If that wasn’t bad enough, some people want you to have a middle name. “What? I give you two perfectly good names, and now you want me to come up with a third one? You know what you are? You’re freekin’ loony, that’s what you are! I mean, Sarah Marie Roberts, or Sarah Roberts. Where’s the difference? George Bush or George W. Bush? I’d better stop there. That opens up a floodgate nobody wants to mess with.
That brings us to the most heinous of all names...the nickname. Just like when your birth name was forced upon you by your parents, surprise surprise, your friends have just forced another one on you. Stretch, four-eyes, buck-tooth, O’Mally, bull’s eye, stumpy, chicken lips, tinkerbell, Kimosabi... The list goes on and on. But then again, if it weren’t for nicknames, we wouldn’t have an appreciation for just how worthless our names truly are. For instance, everyone in his preschool will end up calling Rodricko Louis Johnson VII nothing more than Rocky. All the Richards in the world know what I’m talking about. No one likes being called Dick.
But wait, there’s more! This insanity doesn’t stop with people names. It affects all proper nouns! Let’s ignore the obvious New York, New England, New Guina, New Zeland, New Jersey, New Organ, New Hope, New Mexico, New Atlantis, New Mars, and New Hampshire for now. Did you know there are over eight different cities in the United States called Paris? That there are at least five Londons, and two, count them, two Torence malls.

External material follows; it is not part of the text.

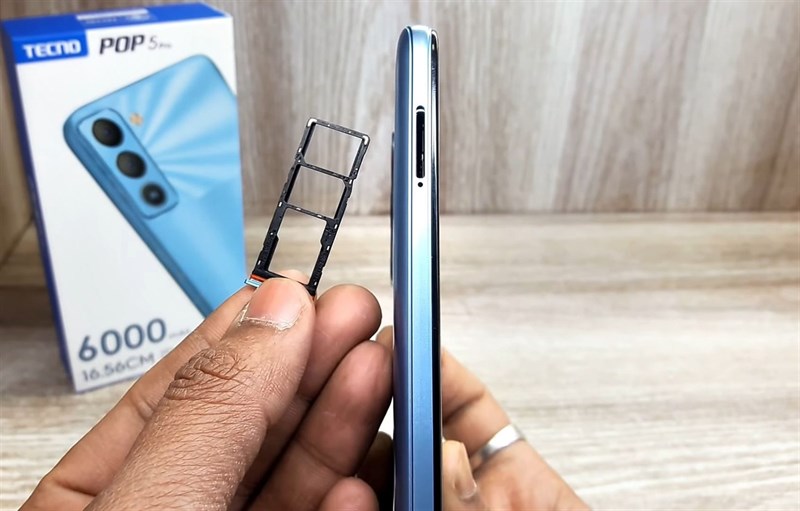 Trên tay Tecno POP 5 Pro: Giá 2.46* triệu, màn hình lớn, pin 6.000 mAh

Names have even gone so far as to confound and confuzzel our colors. Colors, for crying out loud, have been tainted with our evil nack for naming things. As we know, there is a new and different color for every possible and different mix of paint, and for every color there has to be a name to go with it. I can understand the need for red, orange, and red-orange. I can let an occasional cerulean, periwinkle, and fuchsia by. But then I go to Home Depot and look at the swatches. There’s a Pacific blue, Indian Blue, Atlantic Blue, and Arctic Blue. Then, at the very bottom, there’s an Ocean Blue. Was I mistaken? Aren’t the Pacific, Indian, Atlantic, and Arctic all oceans? It’s just water, people! It’s blue! How much different can they get! Jeeze!
Okay, so now that we’ve established the fact that names are pointless, let’s name our character. But no, not just any old name will do. It has to fit the character! No one will ever let a beautiful, dazzling, graceful princess of a fabled land be Urma. And because of their constant use, you can’t name your guys Bob or John. Nope. It’s too ‘boring’ and not ‘exciting’ enough.

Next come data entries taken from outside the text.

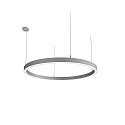 Luminaria colgante LAUTARO 1200/60 UP/DOWN OPAL P4 IP20, gris claro regulable
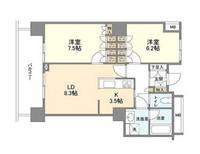 東京都江東区豊洲5(マンション)の賃貸物件の間取り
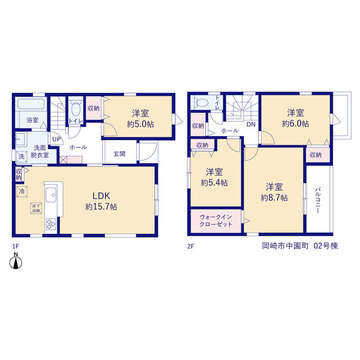 リーブルガーデン岡崎市中園町 間取り3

Then what can we use? If you have an evil villain or a heroic knight you could name them Mal or Lux. Really? Latin? Oh gee, that’s original. How about Erde for a goddess of earth? Or Agua for your mermaid? I mean, it’s not like people speak German or Spanish anywhere.
Seriously, why do we bother? Why waste all this time and energy on letters strung together for that special someone when a simple number will do? Isn’t that what social security is for? No matter how much they lie and try to deny it, the government doesn’t care that you’re Jane Smith, wife to Tarzan, mother of three, life-long lover of puppies, chop-suey, and miniature golf. No. To them you are, were, and forever shall be; citizen designation: THX-11-38. Why not try this with books?

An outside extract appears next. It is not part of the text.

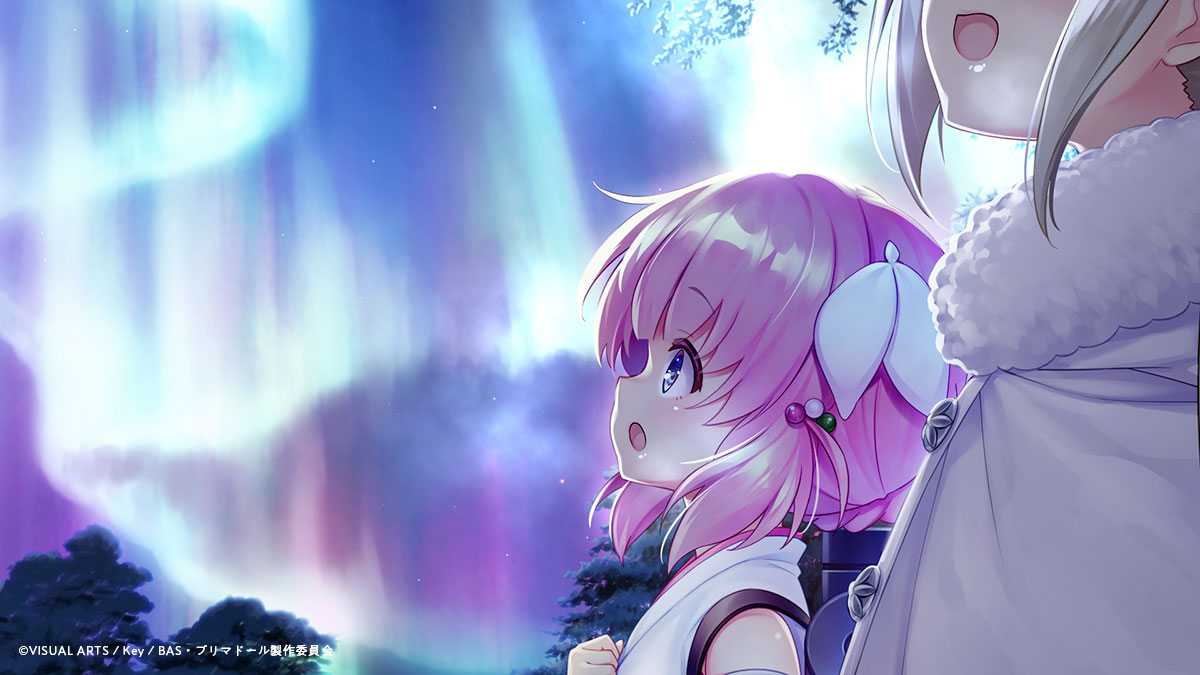 プリマドール：冬空花火／雪華文様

Man:395 gazed into the color:85 eyes of woman:361. Sailing away from city:308 on the good ship:17, the last thing on their mind was what woman:361’s father, evil-overlord:891, would do once he discovered their escape. Their only hope was the help of witch:367 and her magical creatures, the magical-creature:907s. Their sole companion, supporting-character:180, would do anything to ensure their safety. He would travel to Afterlife-destination:1 and back to make sure their pet dogbreed:15, dog-name:7, came with them to happily-ever-after-land:45.
Sadly, this is not the case. So for now, 7 will be Fluffy, 15 will be schnauzer, 367 is Glenda, 85 is blue, 361 Marsha and 395 John.